> [DESCRIPTION OF THE TASK]
With the images removed, write out every line below exactly.

(DATASET EXTRACT begins)

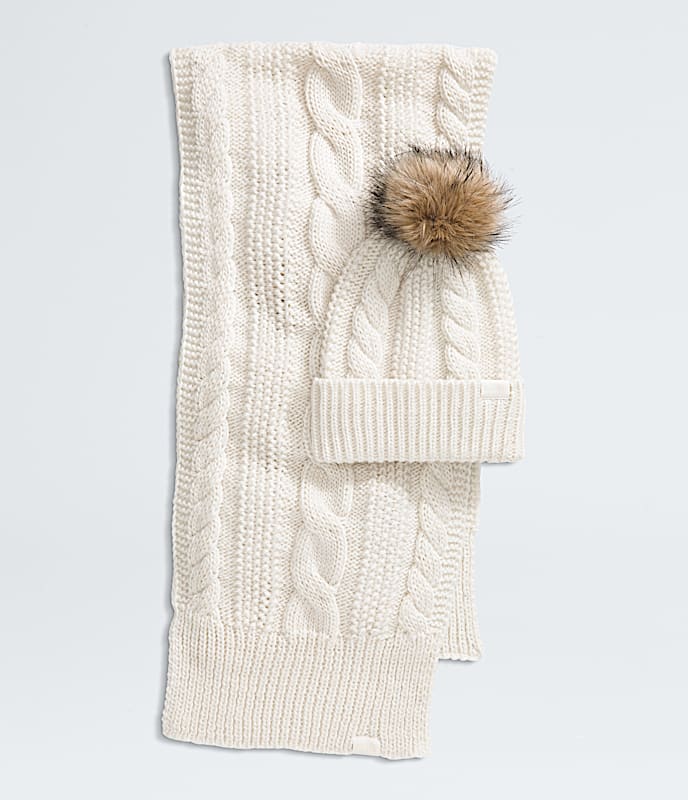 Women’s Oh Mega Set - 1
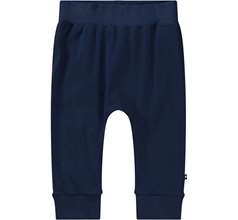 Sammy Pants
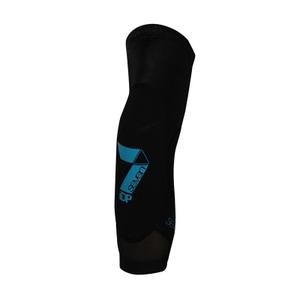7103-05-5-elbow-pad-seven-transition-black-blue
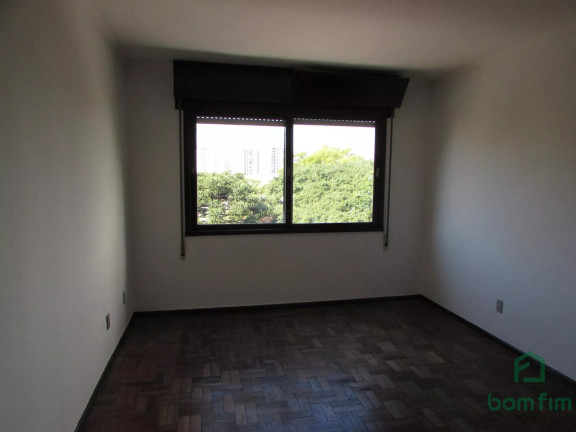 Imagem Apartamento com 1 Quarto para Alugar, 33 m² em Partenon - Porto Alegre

(DATASET EXTRACT ends)

> [FINAL ANSWER]
 Women’s Oh Mega Set - 1
 Sammy Pants
7103-05-5-elbow-pad-seven-transition-black-blue
 Imagem Apartamento com 1 Quarto para Alugar, 33 m² em Partenon - Porto Alegre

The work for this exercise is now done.